• [Assignment]: In the listing below, find the line containing "Ручной душ Paini 53PZ155AS" and the line containing "How should Shar-Pei". Repeat exactly those two lines and every line between them, nothing more.

• [Extracted entries]:
=== Section Start ===

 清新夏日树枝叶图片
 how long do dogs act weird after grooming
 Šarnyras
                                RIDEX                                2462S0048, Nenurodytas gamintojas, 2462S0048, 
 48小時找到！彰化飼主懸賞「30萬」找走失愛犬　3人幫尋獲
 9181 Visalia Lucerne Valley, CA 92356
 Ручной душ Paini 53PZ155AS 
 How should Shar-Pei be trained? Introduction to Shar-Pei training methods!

=== Section End ===
=== Section Start ===

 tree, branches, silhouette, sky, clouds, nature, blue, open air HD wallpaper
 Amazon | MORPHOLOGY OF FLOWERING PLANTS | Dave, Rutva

=== Section End ===

• [Written solution]:
 Ручной душ Paini 53PZ155AS 
 How should Shar-Pei be trained? Introduction to Shar-Pei training methods!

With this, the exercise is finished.